O'Neill's family alleges that toward the end of his life, he began having mystical experiences, which they claim influenced much of his writing, including his songwriting, journals, and his play, They Walk Among Us, which features a character that O'Neill seemed to have based on himself. The character is a teenager who has died and become a guardian angel who watches over other young people.

===Death===
O'Neill was at the Station nightclub for the concert by the band Great White on February 20, 2003, with his bandmate from Shryne, Jon Brennan, and another friend, Albert Dibonaventura (1984–2003). Of the three, only Brennan made it out of the club alive. Shryne was scheduled to perform at the Station the following night, and O'Neill had reportedly befriended Great White lead singer Jack Russell in the days before the fire.

In 41, Nicholas O'Neill's family and friends emphasize his sense of humor, his natural intelligence and wisdom, and his compassion. They note that, despite the brevity of his life, he had a positive influence on many people, as evidenced by the attendance of over a thousand people at his memorial service.

== Works and legacy ==

O'Neill left behind voluminous journals, poems and songs, many of which are considered by his family to contain prophetic messages indicating that he knew he would die at an early age. Eight songs that he wrote or co-wrote appear on his band Shryne's debut album, Day Has Turned to Evening.

His play, They Walk Among Us, tells the story of Adam Tyler, a young man struggling to come to terms with his homosexuality, and, simultaneously, that of Levi, Grace and Cyrus, the three guardian angels charged with helping Adam. The angels ultimately appear before Adam, imparting upon him a message of divine unconditional love, telling him "on the other side, everything […] will be just fine."

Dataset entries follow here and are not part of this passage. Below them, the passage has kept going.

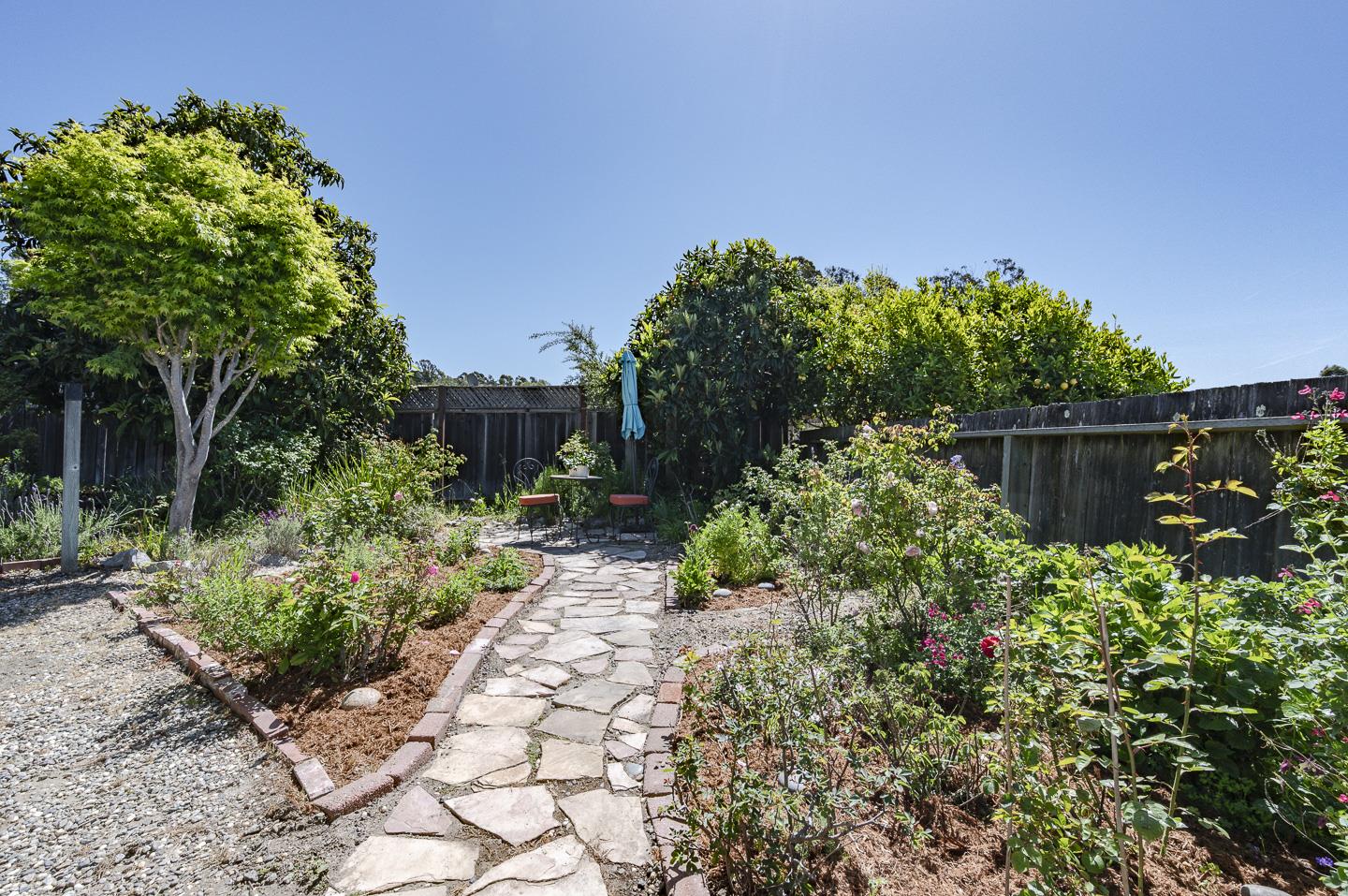 3350 Hardin Way Soquel, CA 95073 - Photo 29 of 45 a backyard with plants and large trees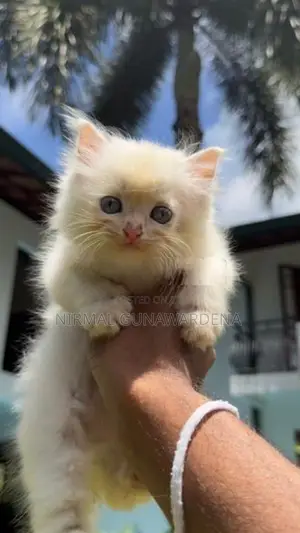 Persian Cat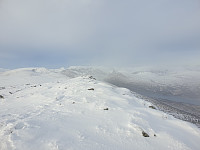 opps_20201215_5fd92275eb36b.jpg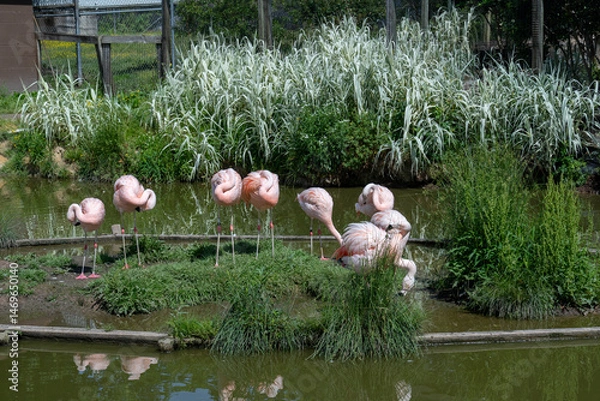 Fototapeta Pink flamingos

Following O'Neill's passing, a number of events were held in his honor. The first was a memorial service at his church parish, St. Jude's in Lincoln, RI. The event drew approximately 1100 attendees. Other memorial services were held by theater companies that O'Neill had performed with, and numerous feature articles were published by the local press centering on his life and works.

O'Neill's friends and family first staged They Walk Among Us as a staged reading in June 2003. The following February, on the one year anniversary of the tragedy, a large memorial theater event was produced by the Encore Repertory Company, a theater troupe to which O'Neill had performed. The event, called A Night of Angels, was directed by O'Neill's brother Christian and featured musical tributes as well as a fully staged production of They Walk Among Us. O'Neill made this event the basis of an Emerson College master's thesis, The Song of Nick, and later created a film version of They Walk Among Us. He also was the assistant director of the award-winning New York production of the play in 2008 (produced by My Own Delirium Productions) and co-directed, with Christian de Rezendes, the 2007 documentary 41. The film, which is named after a number of spiritual significance in O'Neill's life was shown at film festivals across the United States to generally positive reviews. Dave Kane's book, 41 Signs of Hope, which deals with similar subject matter, is published by New River Press.

Dave Kane and Joanne O'Neill were the subject of much of the press surrounding the trial of Daniel Biechele, who ignited the pyrotechnics that caused the Station fire, partly because of Kane's local celebrity and his frequent attacks on Rhode Island Attorney General Patrick Lynch. Kane read aloud a letter in which he told Biechele that he and Joanne had forgiven him. Their belief in their son's ongoing presence in their lives was also covered by a Boston Globe feature article in 2006.

== Charities ==

Several charitable funds and entire organizations have been formed in O'Neill's name, including The Nicky O Foundation, the Encore Rep Nick O'Neill Scholarship, and the ACT Nicholas O'Neill Memorial Scholarship.